Berio's Sinfonia is one of the most special compositions in the last decades, specially the famous third movement, even all of them are very remarkable because of the use of voice in a quite microtonal way.
In a recent edition of Juxtapositions, we can watch a DVD that has Berio as the central figure of a film on his Sinfonia, specially on the third movement, that he explains in detail on the DVD. His conception of the work is a kind of synthesis much more than a collage, that is what most of the people use to notice in that piece. Berio wanted to do of that movement a kind of personal creed of his debts with music, of those he loved and admired so much, and who have on Mahler the guide, a kind of boat that travels to Cyther full of music inside of his body. Mahler is an example for Berio (like he was for many other composers in the XXth Century, many of them Italian, like Maderna or Nono), and what Berio really loves in Mahler is his great capacity for put together different music, Mahler had on his mind as the conductor of the Vienna Opera he was. Berio tries to do something similar, but not taking the essence of music, like Mahler used to do, but quoting the music itself. In this way, we find on Berio's Sinfonia quotations of Bach, Debussy, Stravinsky, Strauss, Stockhausen, Boulez, Beethoven, Wagner... and of course Mahler... some of the composers he loved and, in my opinion, some of the most important musicians in the history of this art.
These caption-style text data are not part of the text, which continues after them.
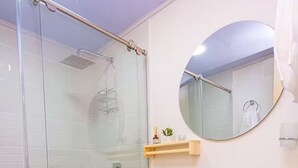 Ein Badezimmer mit Duschkabine aus Glas, Toilette, Waschbecken auf Säule und rundem Spiegel.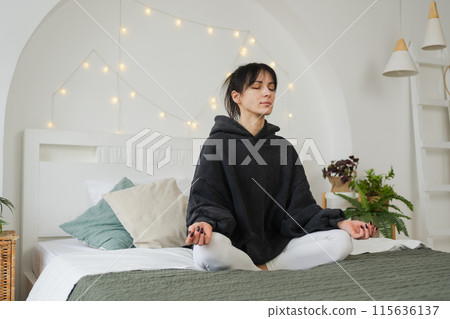 Yoga mindfulness meditation. Young healthy woman practicing yoga in bedroom at home. Woman sitting in lotus pose on bed meditating smiling relaxing indoor. Girl doing breathing practice. Yoga at home 115636137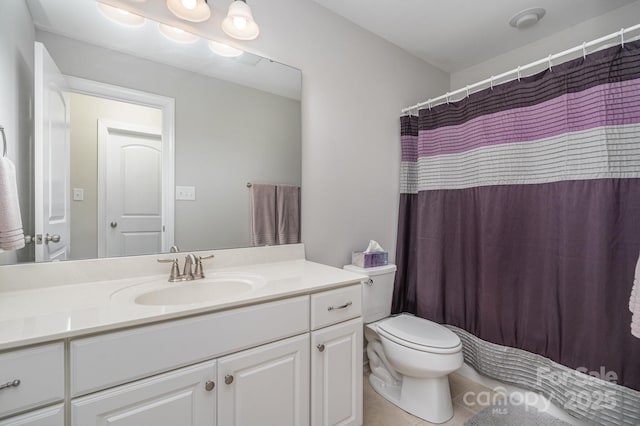 bathroom featuring tile patterned flooring, vanity, walk in shower, and toilet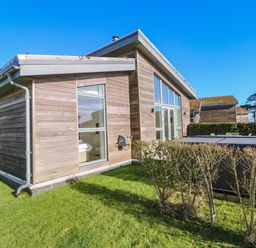 An exterior view of a wooden house with large windows and a covered hot tub on a grassy yard at Una Lodge 77 in Carbis Bay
Eötvös' performance tries to make things very clear, giving special importance to the voices that Berio join to the music in the score, voices that were very present in Boulez's version, that is very close in style to this by Eötvös, even with a very close tempo, that is slower than Chailly (Decca), the performance I really think is the very best. In the Juxtapositions DVD we can here some pieces of the work conducted by Berio, and played by the Concertgebouw, really glorious!!! That performance is the nest I know, even Chailly's one, which is quite perfect is not so amazing like that, probably because it was recorded on Chailly's first years in Amsterdam, when the orchestra was not used to play this kind of contemporary music.
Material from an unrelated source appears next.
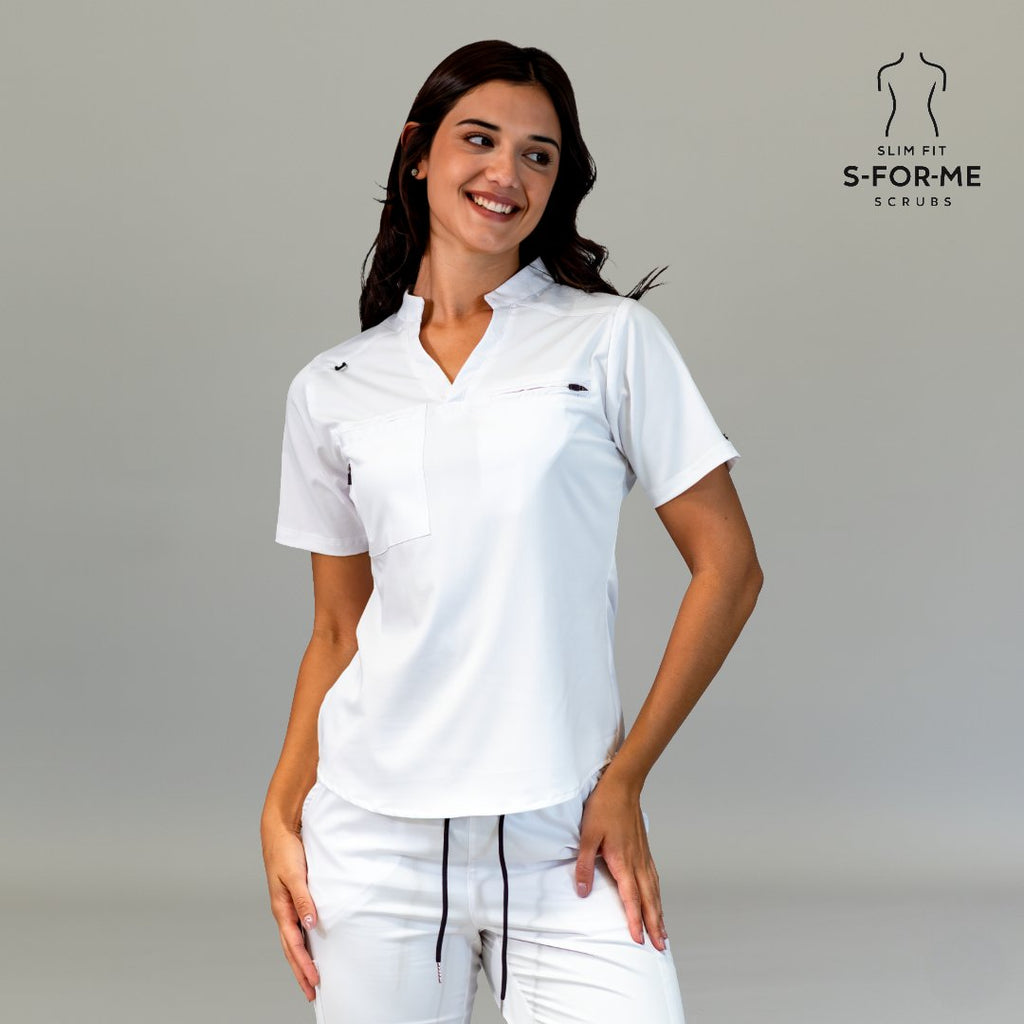 Women’s white 4-way stretch scrub top with matching scrub pants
Eötvös is really a medium point between Boulez and Chailly, by tempo, by the importance he gives to the different parts of the scores, because of the voices... A good second option, with a good orchestra but not so great like Amsterdam's one. The recording is very good to, but I still prefer Decca's one for Chailly.
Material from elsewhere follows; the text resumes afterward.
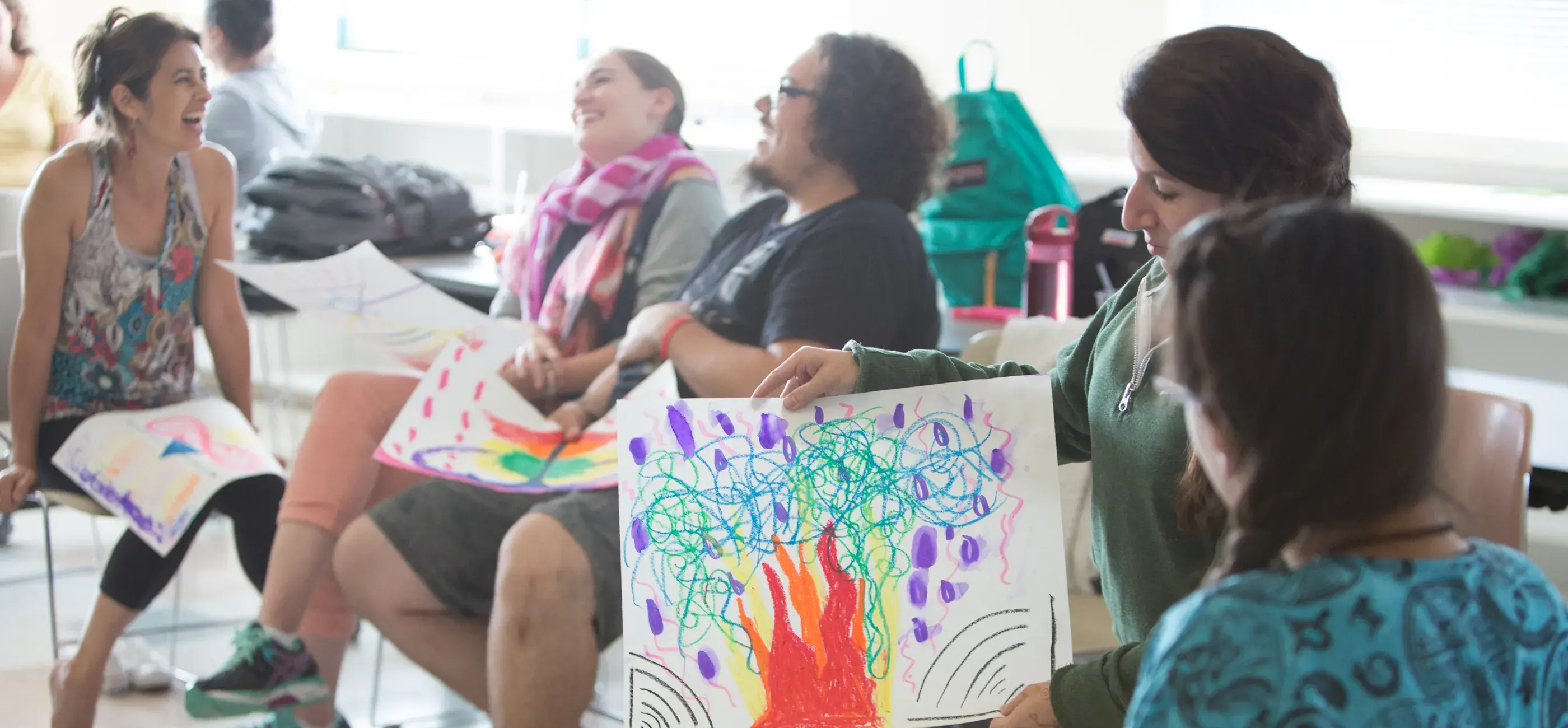 A woman presents her expressive drawing during a group art therapy session. The positive and relaxed reactions of the other participants, who are smiling and holding their own artwork, highlight a moment of creative sharing and connection.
These are the recordings I know and the ranking I rate nowadays:
Boulez (Erato / Apex).
Ekphrasis (Continuo II) has its best performance on Eötvös hands. I knew this piece on Col legno version, but this is really the best I know, so it's a good reason to by this CD, as it is a good recommendation if you don't have Chailly's one or if you want to listen much more clear the voices or another way of explaining this masterwork.